Hindujas to join Duke of Edinburgh awards
Hinduja Foundation is joining it with the creation of #3.5 million endowment fund, with the objective of encouraging youths in various skills worldwide.india Updated: Feb 27, 2006 20:06 IST
The launch of the 50th anniversary year of the Duke of Edinburgh's Award was followed by the announcement of the Hinduja Foundation, joining it with the creation of £ 3.5 million endowment fund.
It is to finance the award's objecting of encouraging youths in various skills worldwide.
Hosted by the Earl of Wessex the reception also highlighted the affluence and influence of Indians, who had flown in from all over the world, and more significantly the re-emergence of the Hindujas at the top echelon of the British establishment.
The award, conceived by Prince Philip, which attracts half a million young from all over the world vying for the Gold, Silver and Bronze awards that enable them to better their prospects, would be vastly helped by the donation of £3.5 million by the Hinduja Brothers.
The donation will also enable the award to host an annual reception at the time of the Hindu festival of Diwali in October, helping still further to raise awareness of the award's activities among the Asian community.
Currently almost seven per cent of the 14-17-year-olds in the UK are taking part through Award Groups in youth clubs, voluntary organisations, open award centres, schools, colleges, young offender institutes and businesses.
Sir Tom Farmer, chairman of Trustees of the Duke of Edinburgh's Award said, "We are very pleased that the Hinduja Foundation has chosen to recognise the invaluable role that the Award plays in the development of young people particularly in the UK."
The Award attracts over 500,000 young from all over the world to try and receive help to better their prospects. Help also reaches the teenagers through youth clubs, schools and young offenders institutes and business centres.
Thanking the Hindujas for the generous support to the Award programme, and welcoming the invitees the Earl of Wessex, said the aim of his father the Duke of Edinburgh in setting up the charity was shared by the Hindujas and he welcomed their support.
He added it was not just money that was needed but also ideas to provide greater access to the young irrespective of their "race, colour or the country they belong to". The percentage of new entrants from ethnic minorities he said increased by 35 per cent in the year 2003-2004.
His appeal must have reached most parts of the world. Indians had come from Canada, the richest NRI there, the US, Belgium, the leading diamond merchant in Antwerp, Rashmi Mehta, Spain, France, from where Paris bankers had come, and of course from across Britain.
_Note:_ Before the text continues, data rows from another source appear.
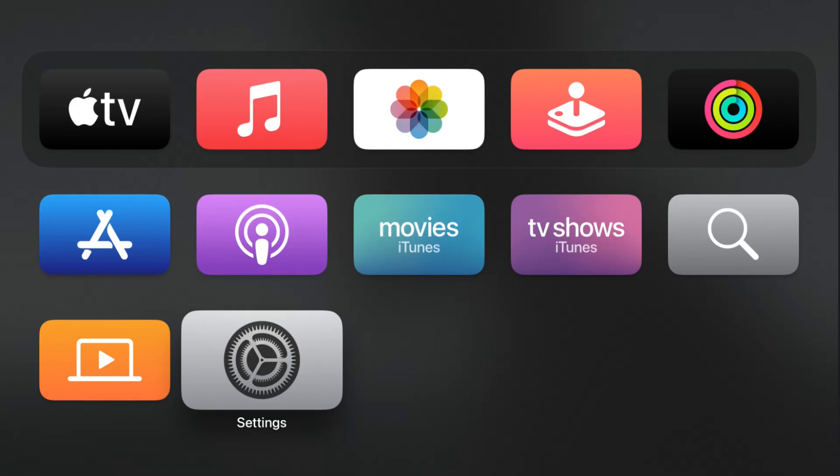That is the process that you're going to go through to remove or delete apps on your Apple TV. I appreciate you guys stopping by. Consider subscribing to the YouTube channel and I'll catch you back here next time.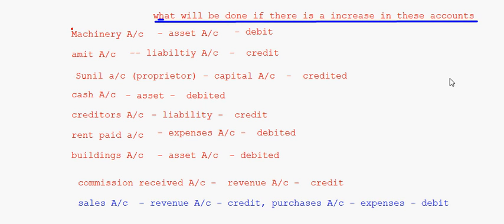In our next session we will take a question and do it according to both the traditional approach and the modern approach. With that the rules of debit and credit for traditional as well as modern approach will be concluded. We will take up a question and do it according to both approaches. That brings me to the end of this session. Bye.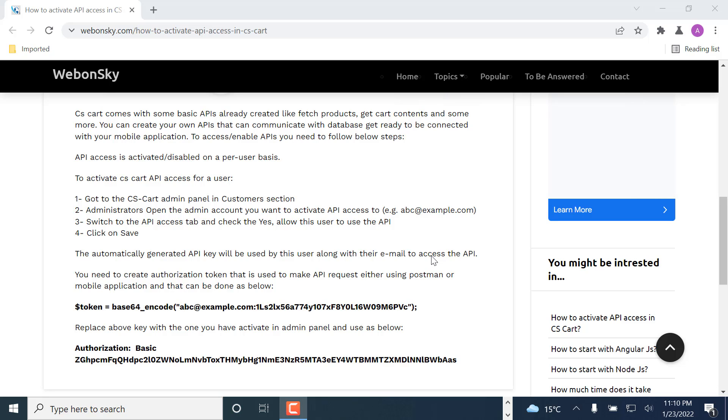That key will be used to generate a new token with your email ID, and that token will be used in all of the API requests that you will make to access the products or anything you want using the API.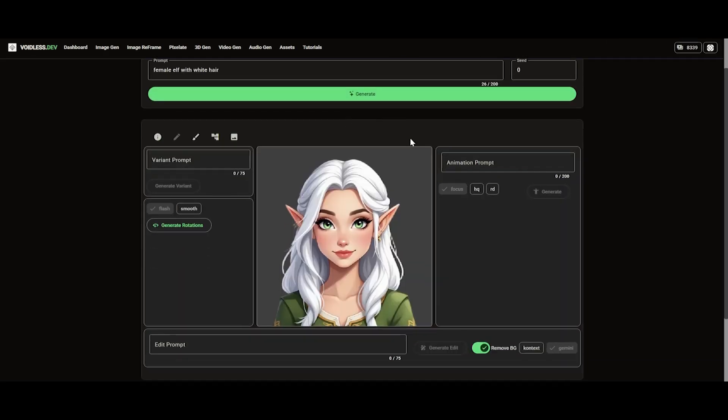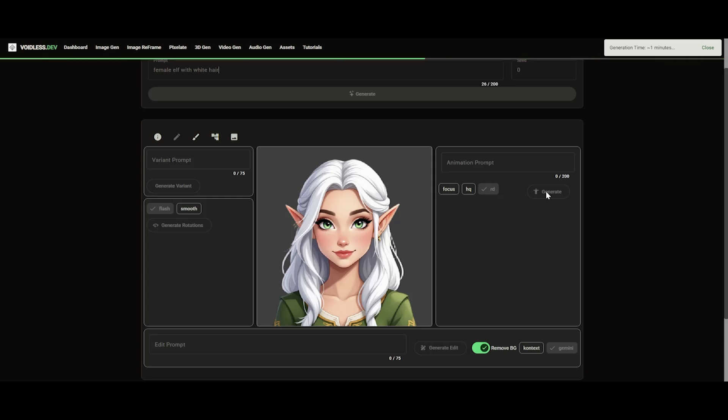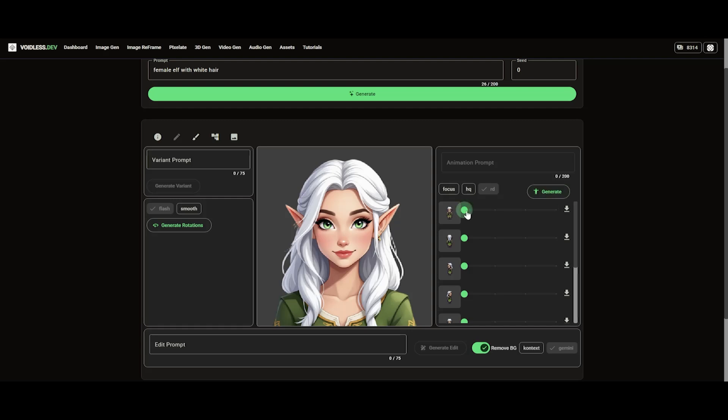Now that we have a base image, set the animation mode to RetroDiffusion. This mode automatically generates basic idle and walking animations in all four directions, using a 64-bit pixel art style.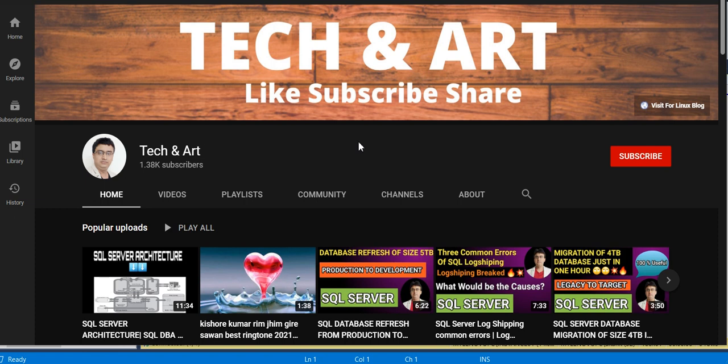Please watch the complete session. I have a request for those who are new to my channel - please like, subscribe, and share with others. I have also created a dedicated playlist for SQL Server DBA topics.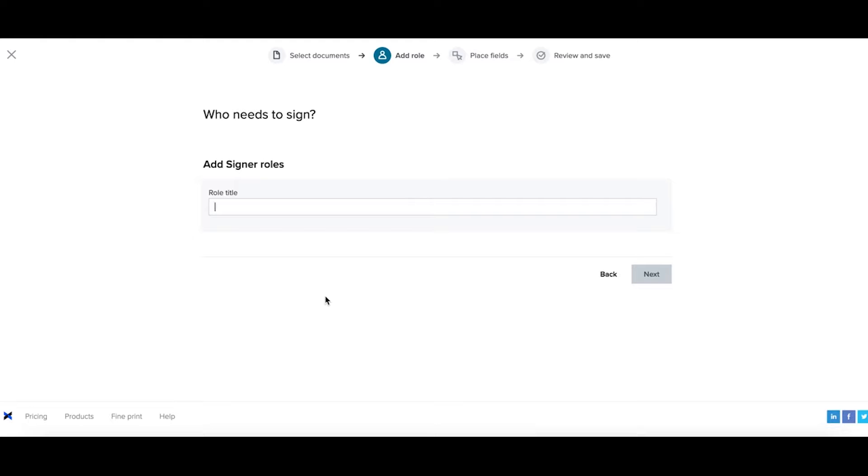Enter in the role of the signer that will be signing this document. Then select next.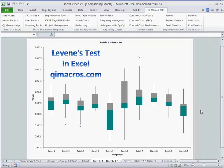All right, so that's how easy it is to create a Levene's test. And you can download a 30-day trial of the QI Macros from QIMacros.com.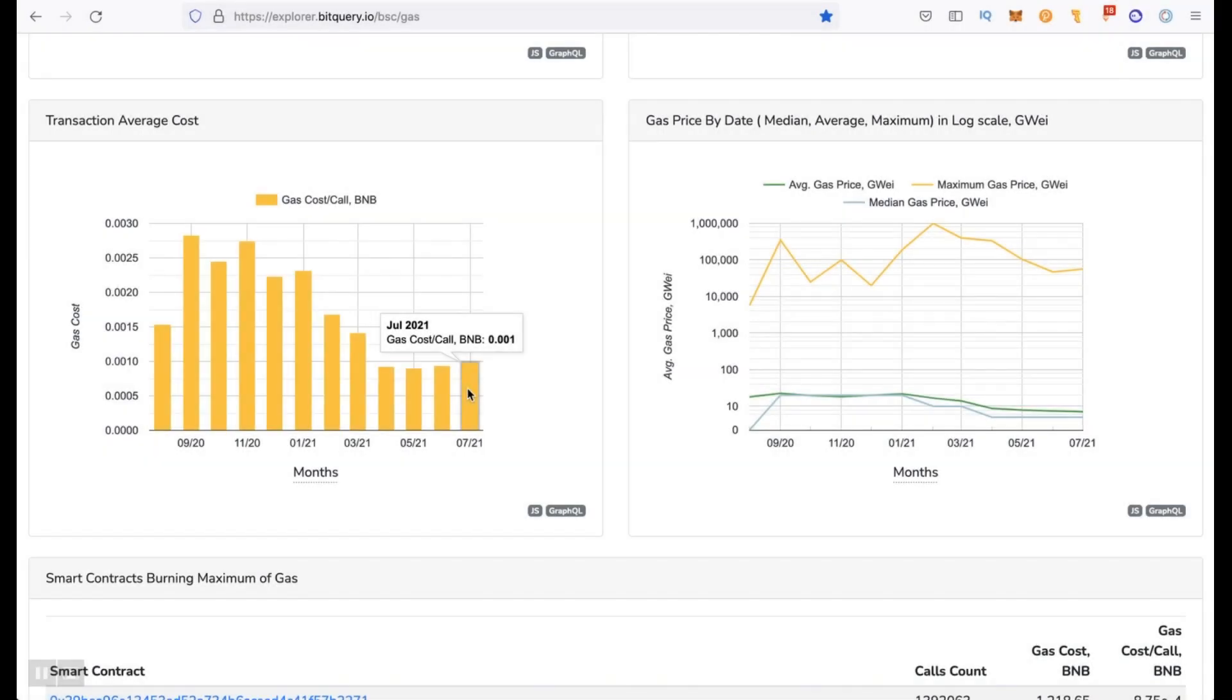Because if we compare them with Solana we will understand that it's actually expensive. Plus, the Binance Smart Chain network is growing, the cost of BNB is growing and consequently fees are growing. Let's see how much the fees cost in the Binance Smart Chain network.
SP Hinduja, thanking the Earl, said their association with the Award went back 19 years and the resolve to support it more closely came after a meeting with the Duke of Edinburgh. The brothers have also decided to celebrate their birthdays to raise funds for the causes pursued by charities like by the Duke of Edinburgh's Award.
The function is to held at the ornate halls of St James's Palace, stones throw from Buckingham Palace.